▽

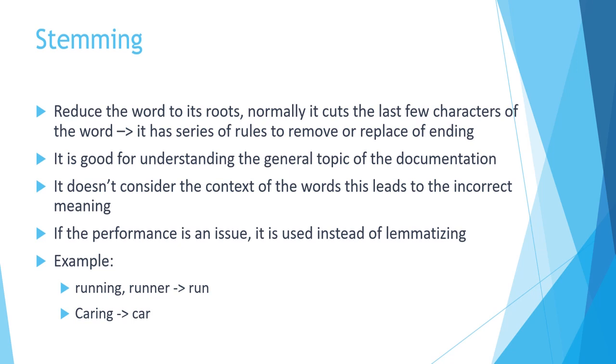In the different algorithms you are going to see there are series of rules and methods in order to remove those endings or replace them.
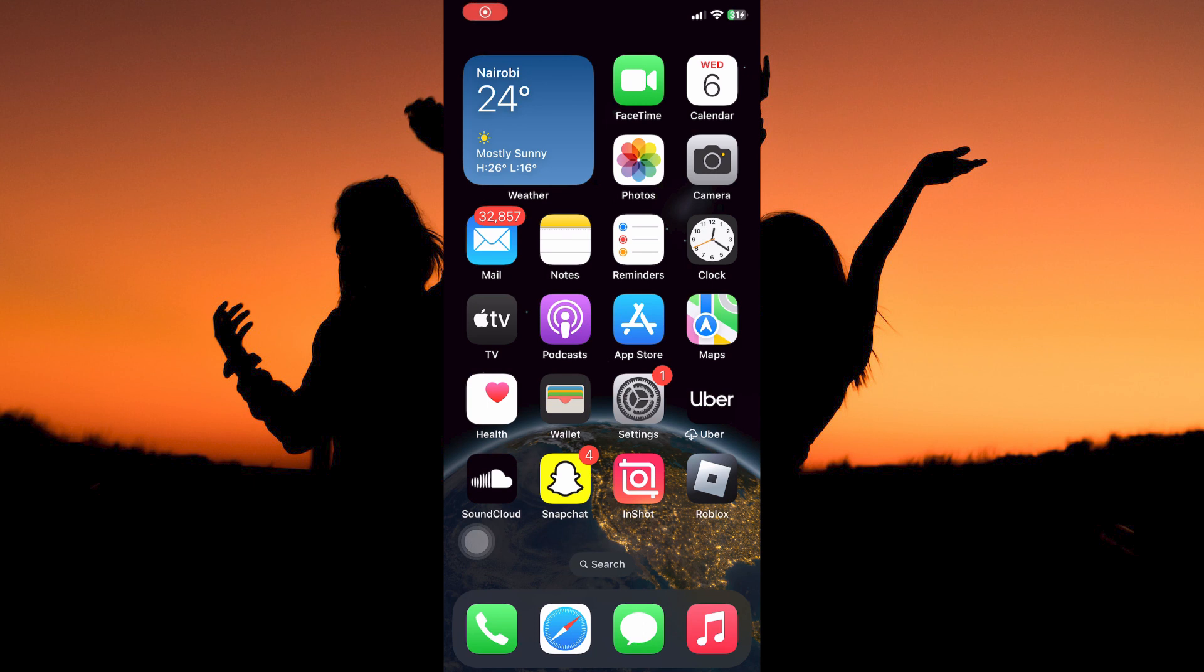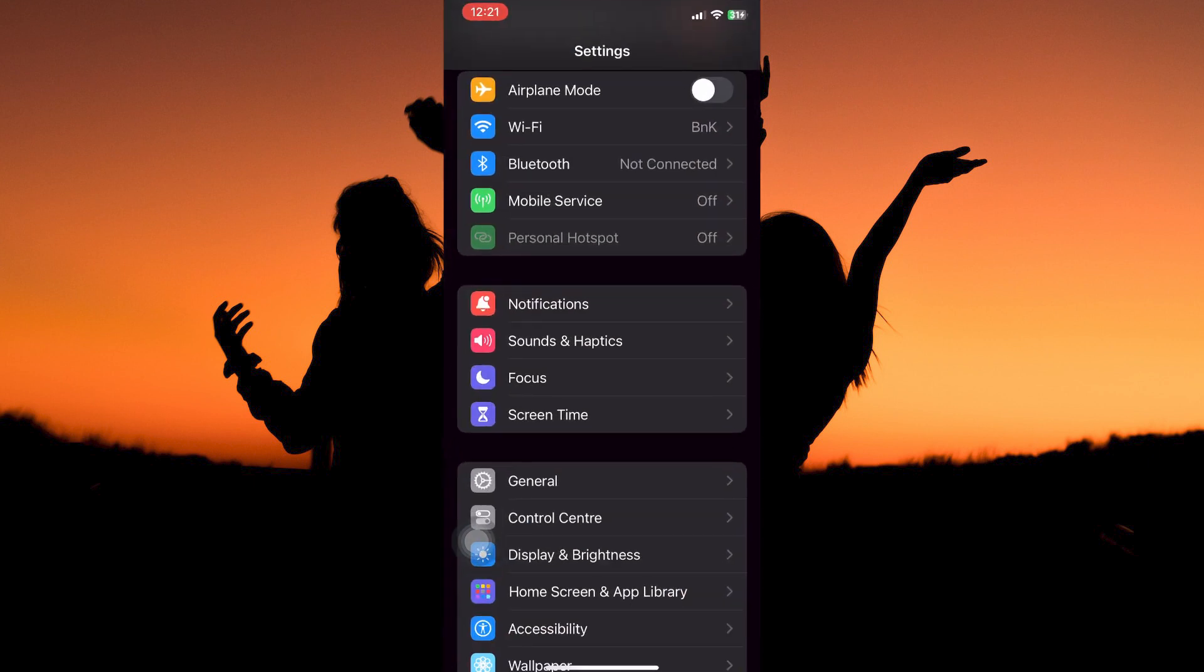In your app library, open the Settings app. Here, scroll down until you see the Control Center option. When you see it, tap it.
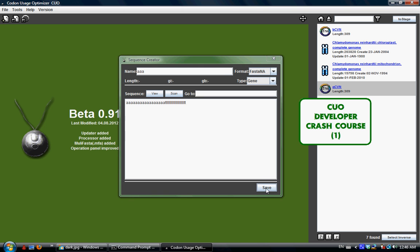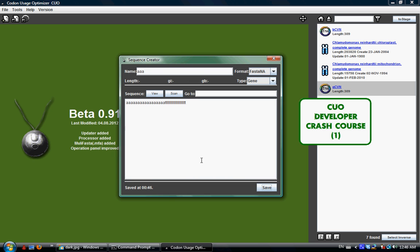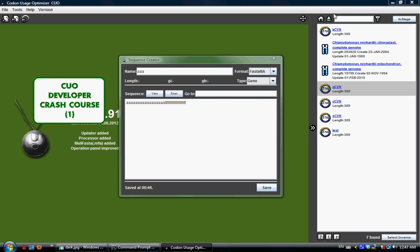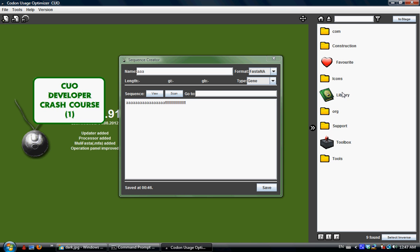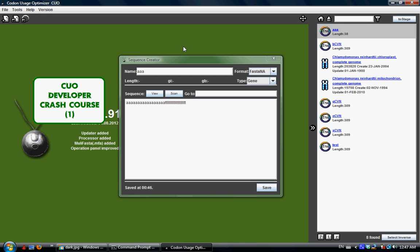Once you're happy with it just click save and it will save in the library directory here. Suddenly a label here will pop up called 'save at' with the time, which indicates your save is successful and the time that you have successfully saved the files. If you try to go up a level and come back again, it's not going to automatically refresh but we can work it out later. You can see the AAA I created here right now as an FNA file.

△

■ Your task
Repeat, with no pictures, each line from the beginning of the data through the line containing "In your app", inclusive.

■ Task answer
In the different algorithms you are going to see there are series of rules and methods in order to remove those endings or replace them.
In your app library, open the Settings app. Here, scroll down until you see the Control Center option. When you see it, tap it.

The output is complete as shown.